Tonight : Come back to the clinic for HCG 10,000 iu injection at 10 pm
Friday (6/4/2012) : ER day... 6:30 am at the clinic.

Bit nervous though, my serial coughing is still around. Hope everything went well.
This is the first time i've done IVF without any blood work done during stimming. Maybe less follicles so Dr is not concerned that I'm a potential OHSS candidate.

I've been drinking loads of water, one to prevent OHSS and most importantly i just want to shift the cough away. Good health.

I also plan to take leave whole week next week. This is to avoid stress. It's an hour drive to work. I don't need the stress of facing heavy traffic every day.

Written Date: 3/4/2012

How it's been feeling lately...


Today is D9 of stimming... There are some pressures down there. First all the aching is more intense on the right side. Since my U/S yesterday and informed by Dr he could not locate follicle/ovary on my right side... Well... the pain seems to dissappear... Physiological only effect.

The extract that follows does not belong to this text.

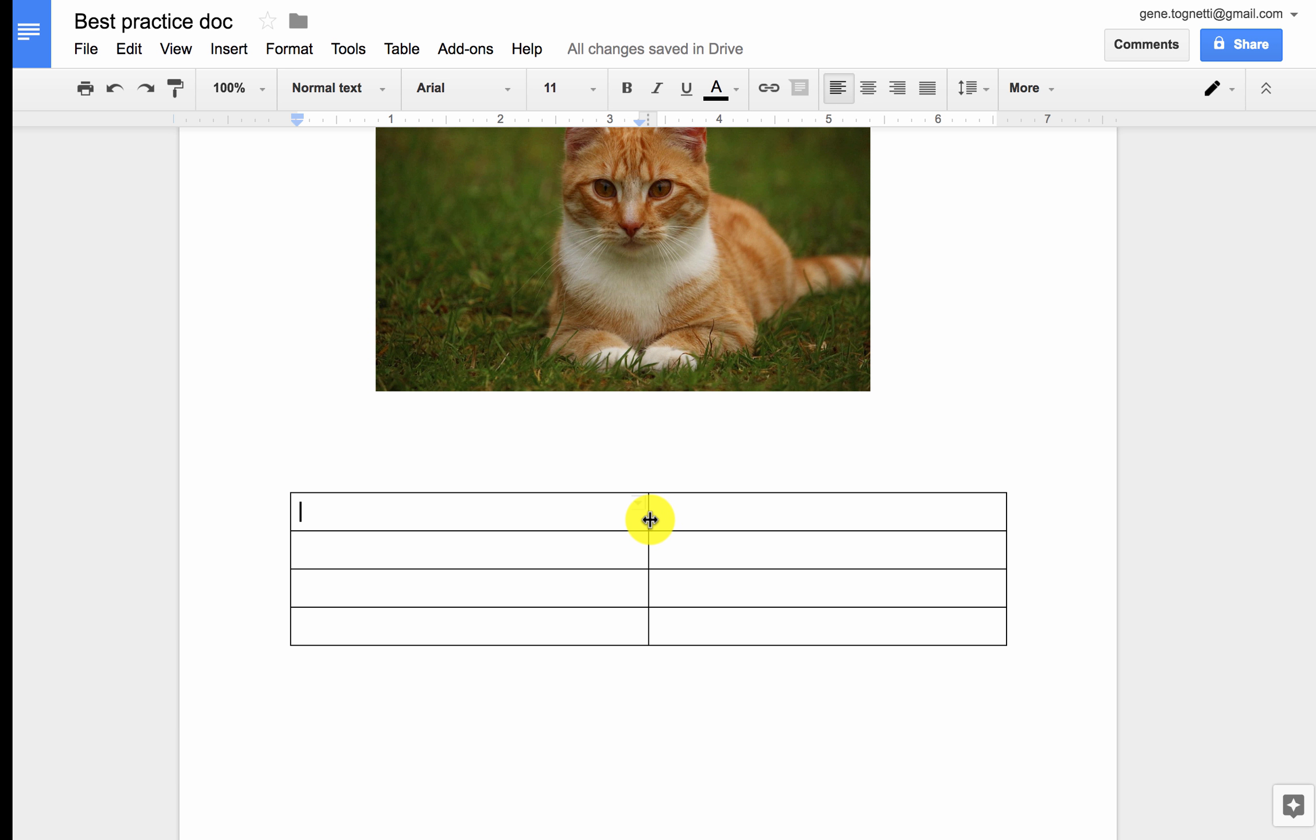I can resize it, get into the middle there, you'll notice that hovering over that vertical line gives me the ability to move that whole divider.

I was sad... but i have to keep positive for the sake of the rest of my left ovary. Go follicle Go... Grow some good healthy eggies.... Give mommy something to be proud of.

My left side started to have twinges and pressure feeling... So next step... i will only inject on my left side. So all nice hormon will reach faster and better.

DF is 23 mm... Please do not grow so fast let other follicle/eggs grow as well.... Sharing is caring DF..

Written Date 3/4/2012.

Syringe... Needle... Anyone???


Good news...
Due to my panic incidence yesterday, the clinic gave me syringe with short needle ... the stupid needle did not reach even half of the ampoules to draw drug.

So today i visit the clinic, this is one of the positive side working in faculty of medicine with attached specialist clinic (but no fertility facility) . Managed to asked one of the nurse to pass me over a syringe, mixing needle n subcutaneous needle. It's an interchangeable syringe.... So I'm a happy woman. She asked me how many would I want... Of couse sitting back in my fridge is one set of menosys...So i took one.

Update: I feel calmer for my menosys injection last night. The syringe really help. The powder dissolve throughout compared to the day before. I think some of the liquid left in the bottle and i did not get the right dosage as intended.